→ Data section
============================================================
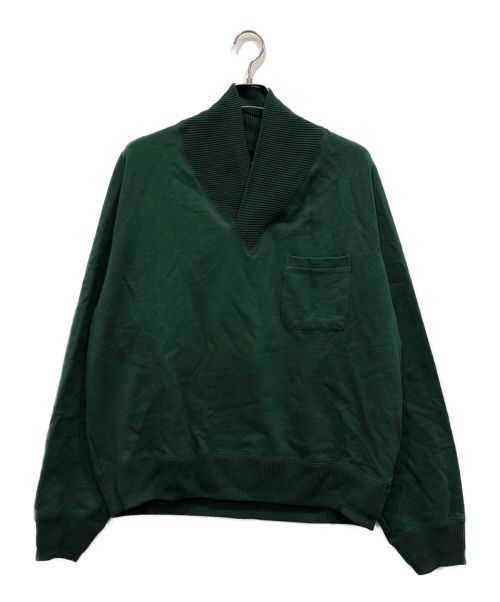 HOMELESS TAILOR（ホームレステイラー）HOMELESS TAILOR (ホームレステイラー) STANFIELD TOP グリーン サイズ:Fの古着・服飾アイテム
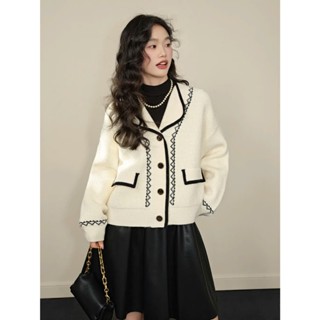  Áo cardigan len họa tiết hàng xuất Kuose 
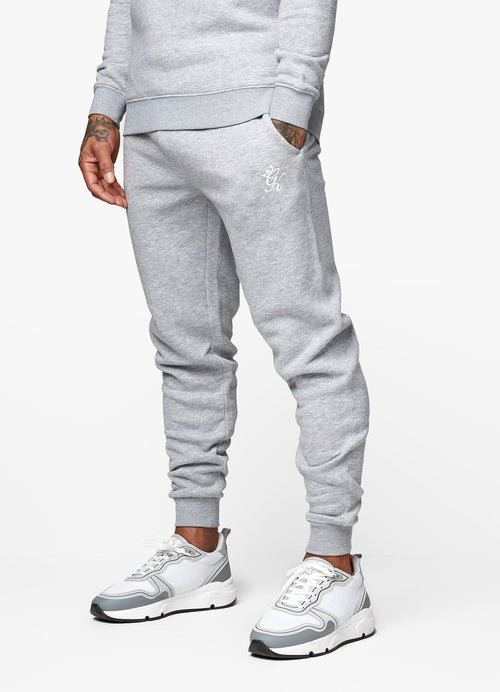 Men's grey everyday fleece joggers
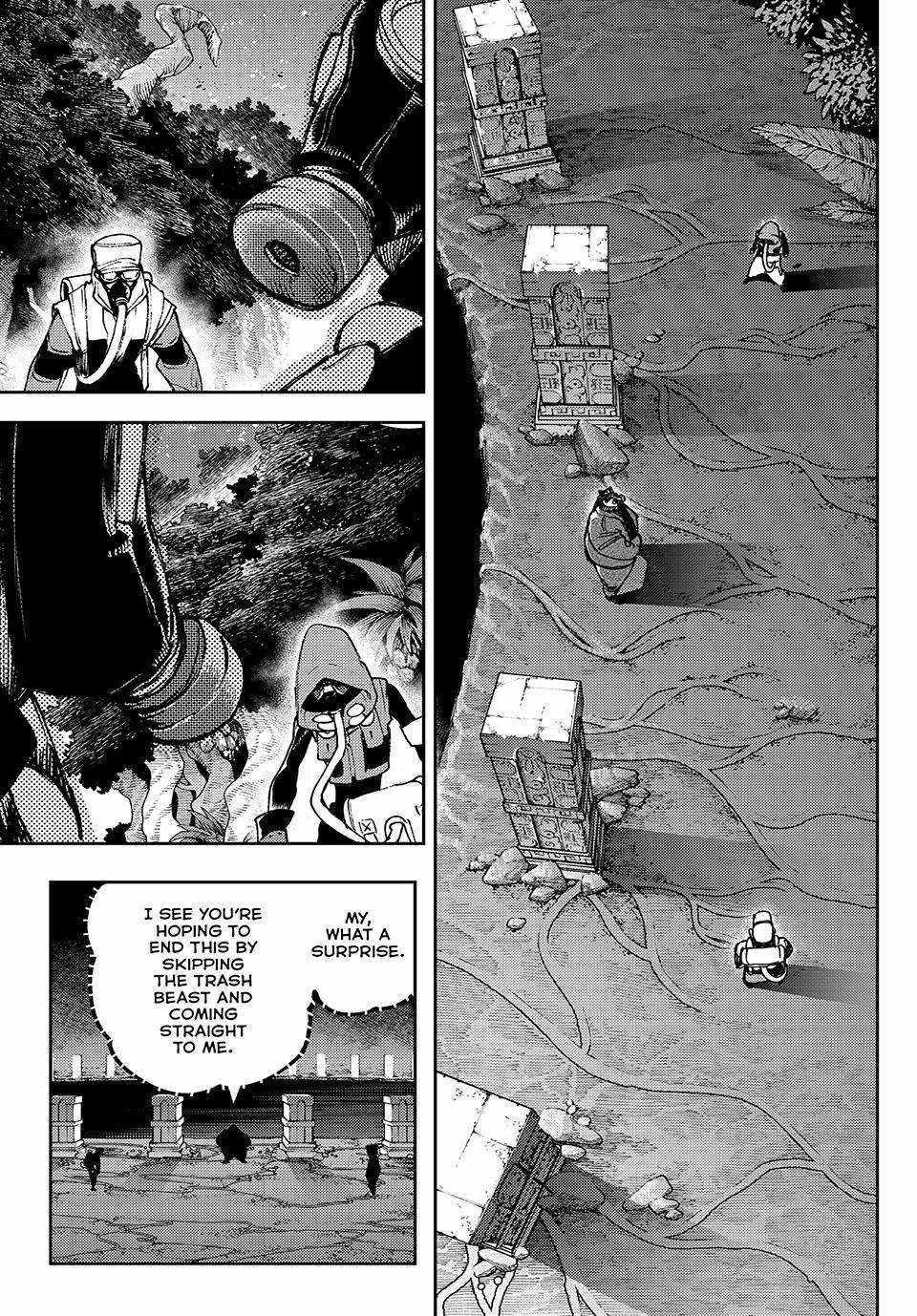 Gachi Akuta Chapter 102 - Page 16 in English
============================================================
→ Task statement
Find the line containing "Men's grey everyday fleece joggers", then extract it and every line after it to the end of the data above, exactly and nothing else, without pictures.

→ The answer
 Men's grey everyday fleece joggers
 Gachi Akuta Chapter 102 - Page 16 in English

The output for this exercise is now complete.